■ What is expected ■
Your answer should consist solely of the lines from the one holding "Foto: Alexandre Schneider/Getty Images" through the final line of the entries, reproduced exactly and without pictures.

[Stored data]
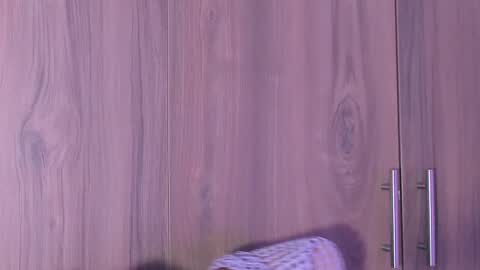 lorraine online show from November 2025 05:17:01 PM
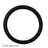 Beck Arnley 039-6181 Distributor O-Ring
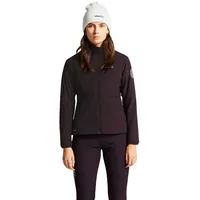 Craft Adv Nordic Training Insulate Jacket Women dk plum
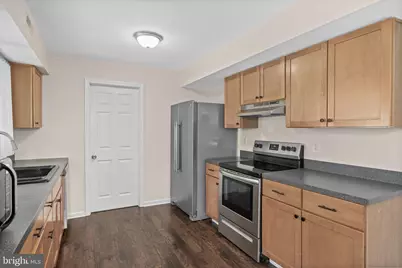 57 Aberdale Lane, Sicklerville, NJ 08081 - Photo 14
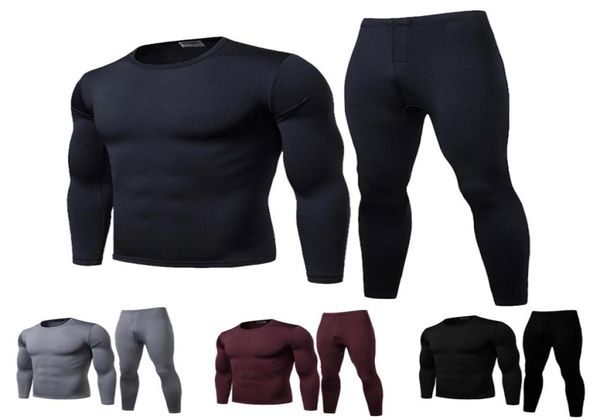 new mens winter ultrasoft fleece lined thermal bottom long john underwear set18326218795790, Black;white
new mens winter ultrasoft fleece lined thermal bottom long john underwear set18326218795790, Black;white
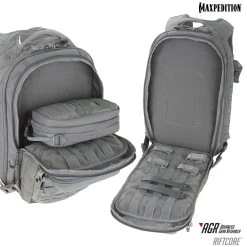 Maxpedition AGR Riftcore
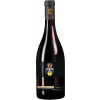 WirWinzer Spezial 2013 Loewenberg Pinot Noir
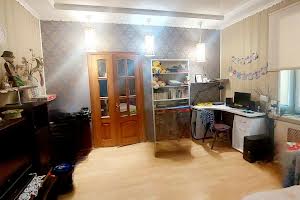 дом по адресу вулиця Мошногірська, 7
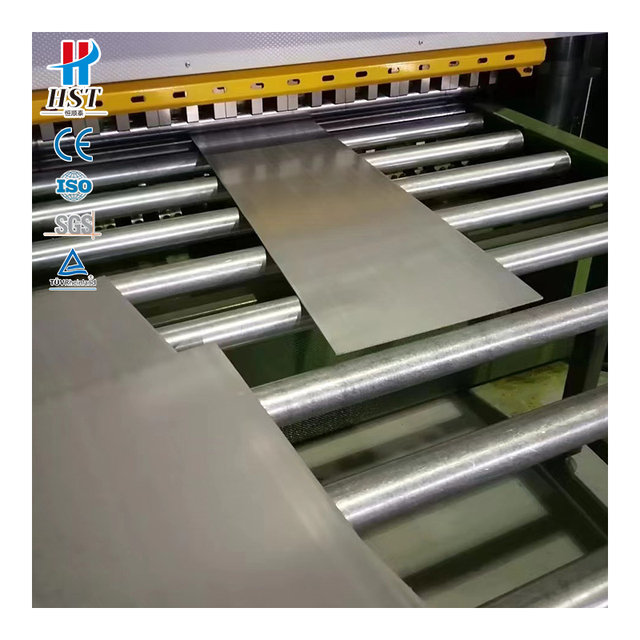 Factory 0.3mm Titanium Sheet Grade 5 Ta2  Material Alloy Plate Titanium Sheet Metal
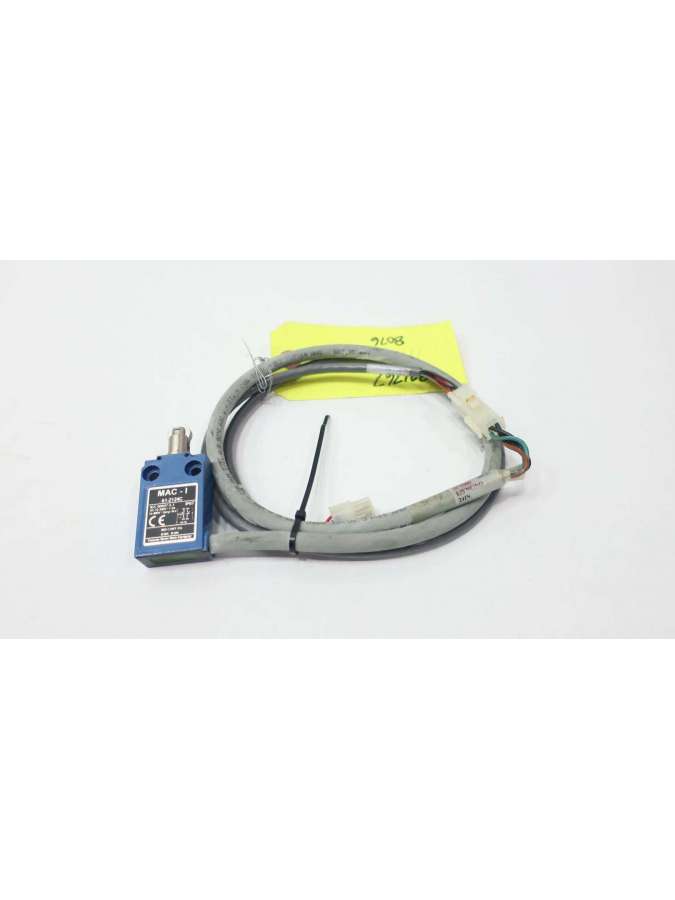 61-2124c-usd-panasonic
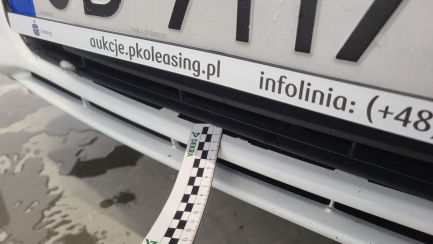 Zdjęcie przedmiotu: Ford Mondeo 2.0 TDCi Edition PowerShift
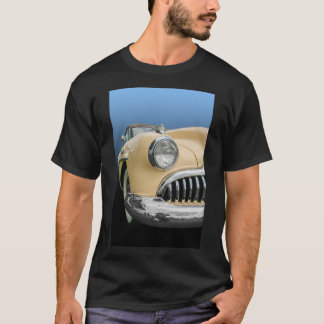 1949 Buick Roadmaster. Classic T-Shirt
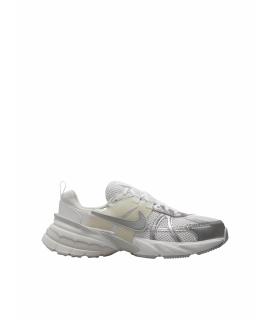 NIKE Низкие кроссовки / кеды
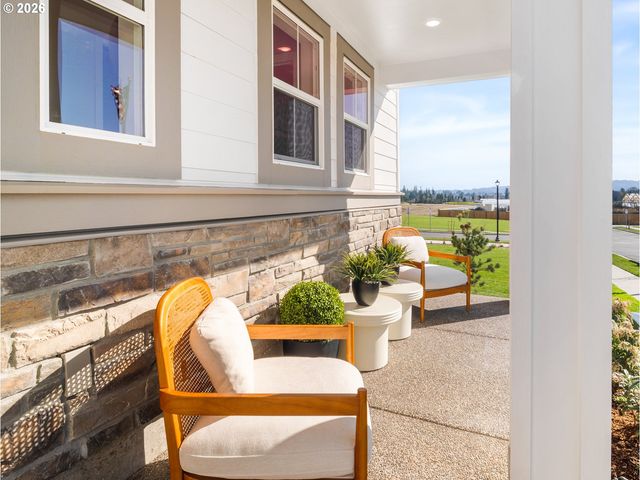 16660 Sw Gypsum Ter, King City, OR 97140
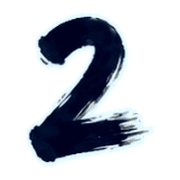 215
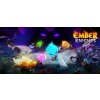 Globálny Ember Knights Steam
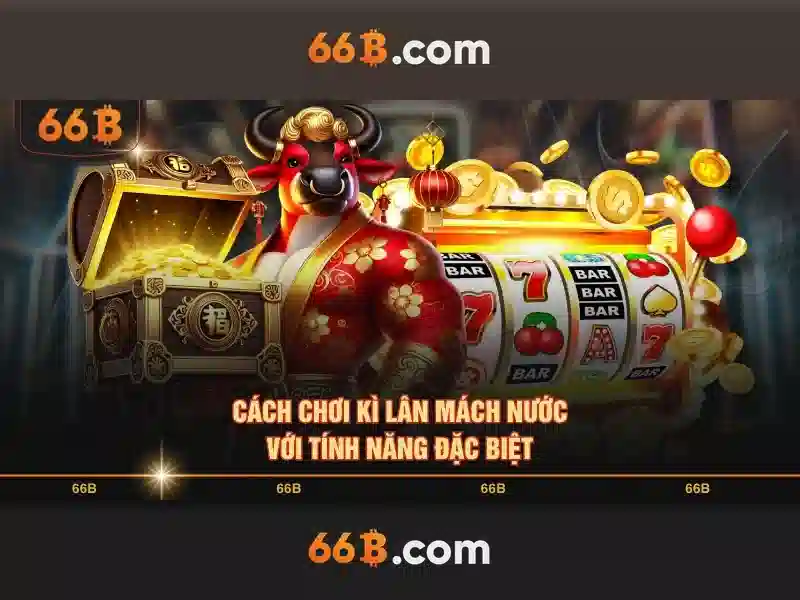 Thuật ngữ bắn cá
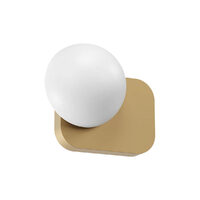 LUMIEN PL CCT 2700K/3000K 7W MGD(5.1.2)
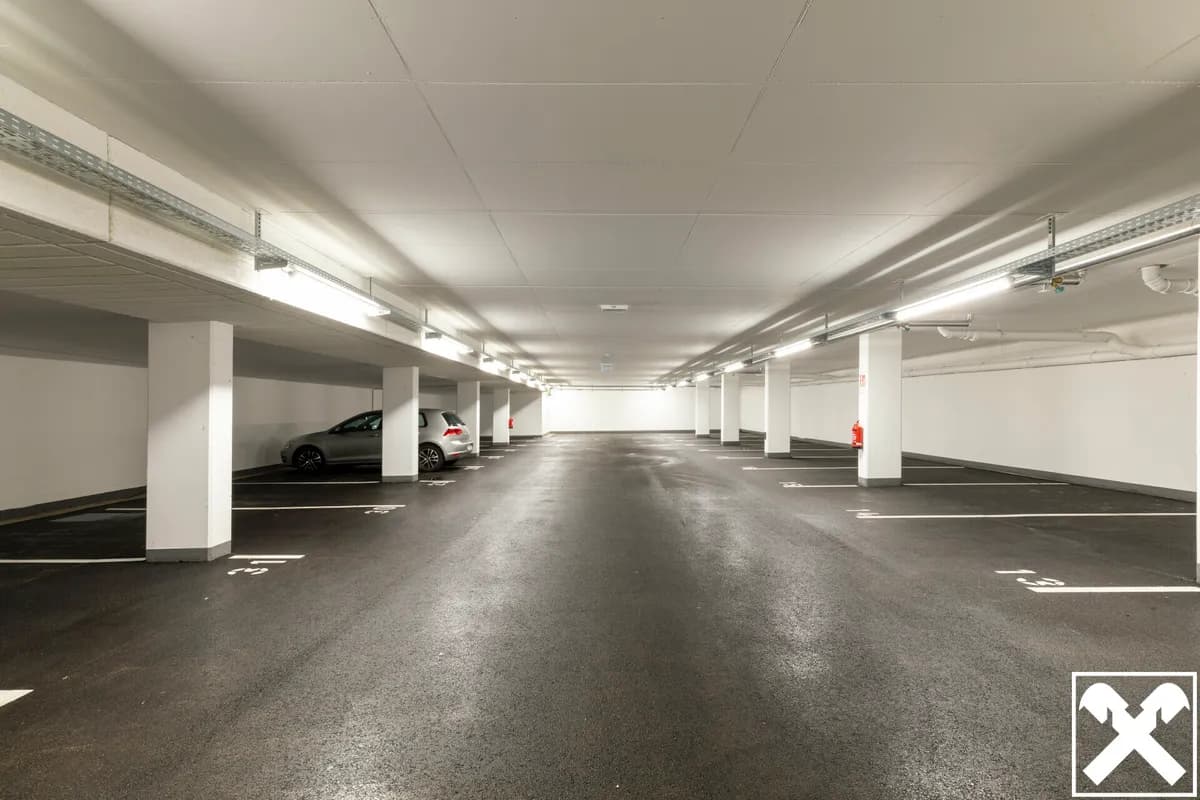4-Zimmer-Wohnung kaufen in Vöcklabruck – 93,51 m², € 425.000 – Bild 10 von 13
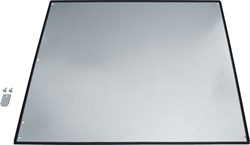 Bosch 00244023 WTZ10290 Крышка для встраивания под столешницу (для сушильных автоматов) 00244023 - фото 16568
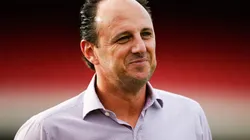 Foto: Alexandre Schneider/Getty Images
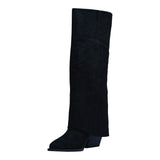 BOTA PARA MUJER LOB FOOTWEAR  92605518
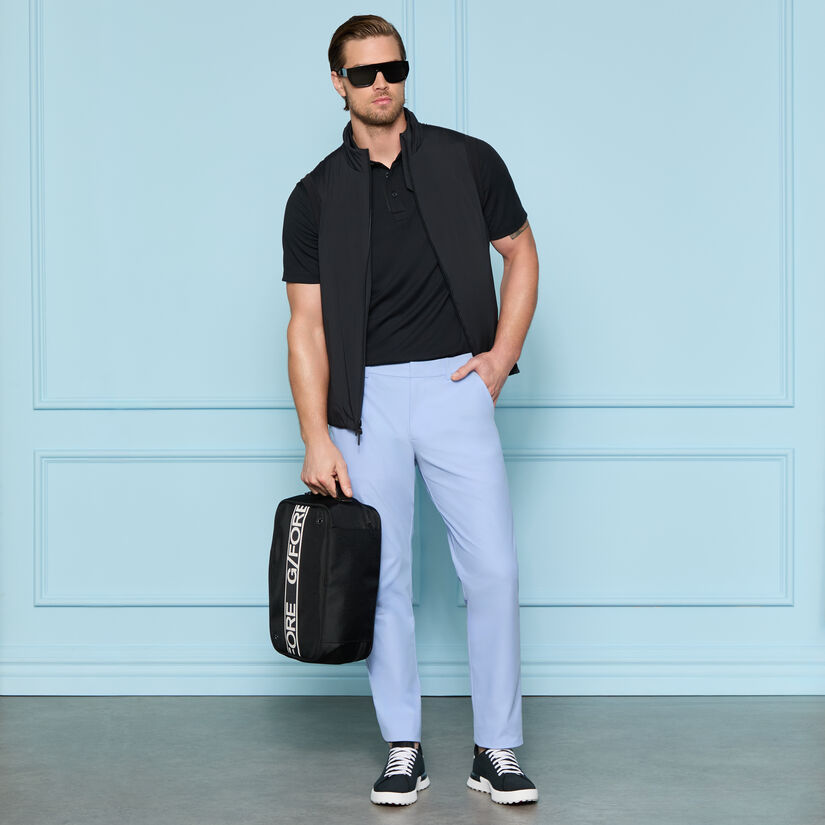 TOUR TROUSER image number 2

■ Answer space ■
 Foto: Alexandre Schneider/Getty Images
 BOTA PARA MUJER LOB FOOTWEAR  92605518
 TOUR TROUSER image number 2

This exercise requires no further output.